DATA RECORDS:
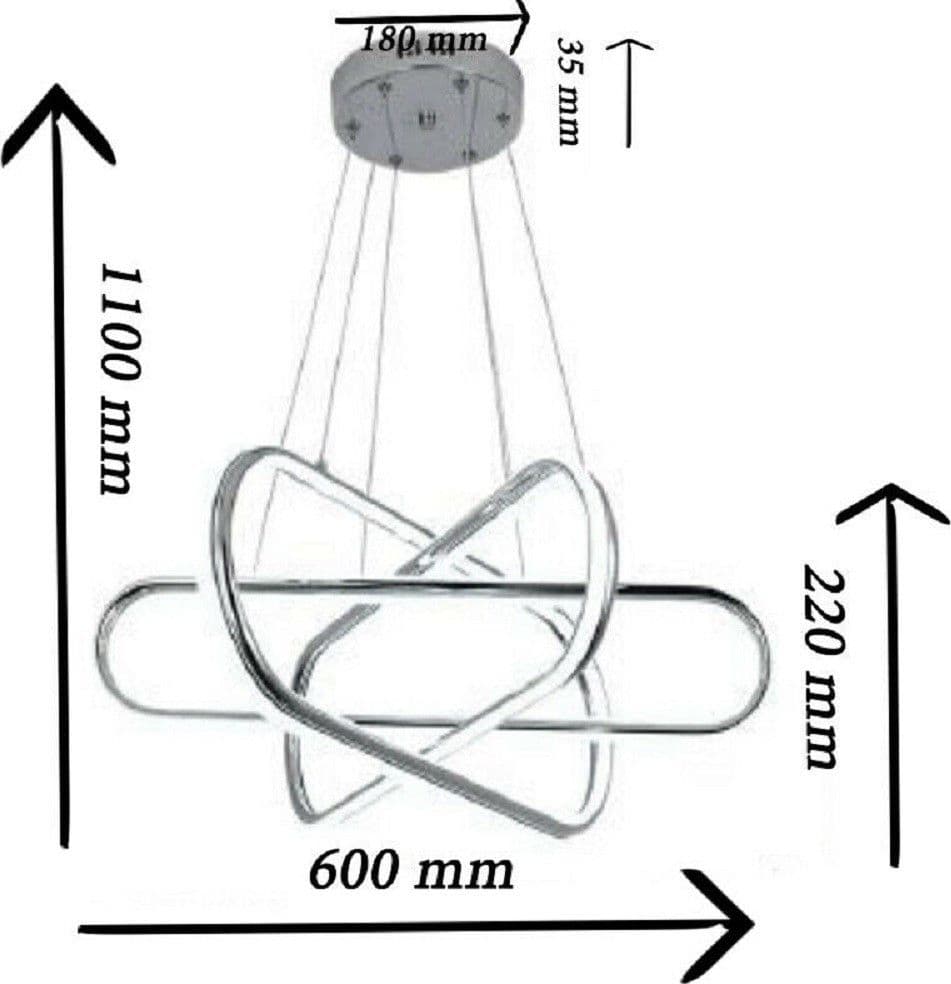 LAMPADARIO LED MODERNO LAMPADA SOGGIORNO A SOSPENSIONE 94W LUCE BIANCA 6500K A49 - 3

--

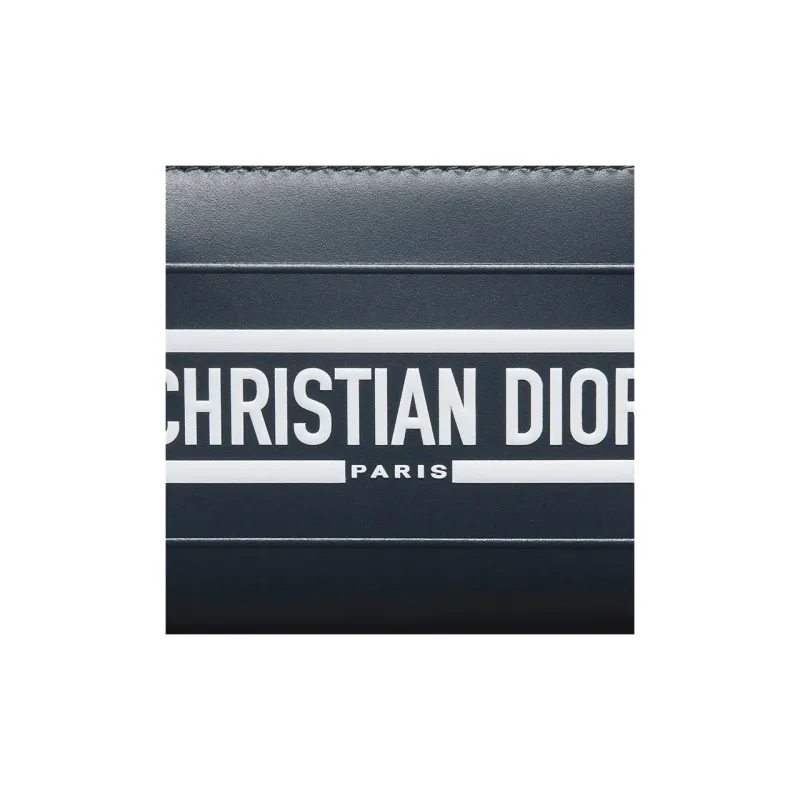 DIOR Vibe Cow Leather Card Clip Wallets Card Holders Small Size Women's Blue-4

--

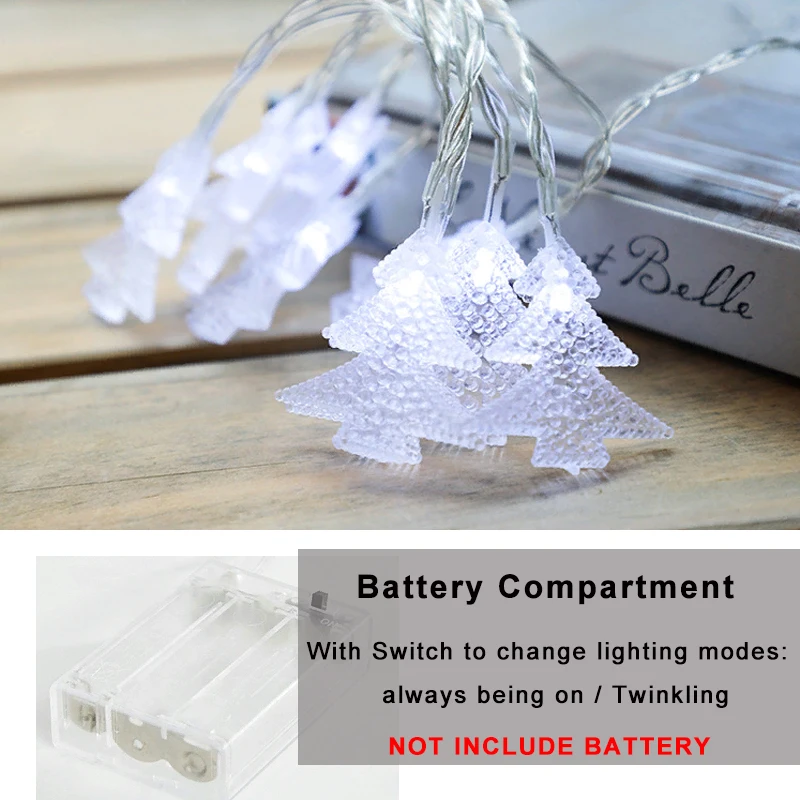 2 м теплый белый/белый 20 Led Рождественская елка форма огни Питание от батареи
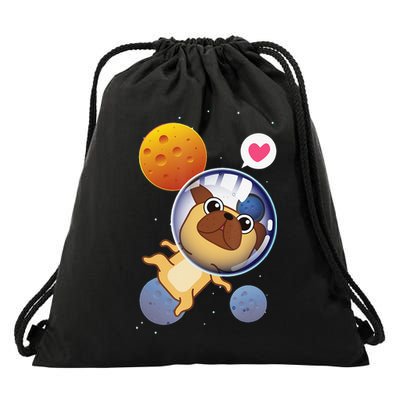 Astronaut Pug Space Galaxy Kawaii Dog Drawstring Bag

WHAT TO PRODUCE: For this exercise, return exactly the lines above from the line with "2 м теплый белый/белый" through the line with "Astronaut Pug Space", both included. Do not copy the pictures.

SOLVED EXERCISE:
 2 м теплый белый/белый 20 Led Рождественская елка форма огни Питание от батареи
 Astronaut Pug Space Galaxy Kawaii Dog Drawstring Bag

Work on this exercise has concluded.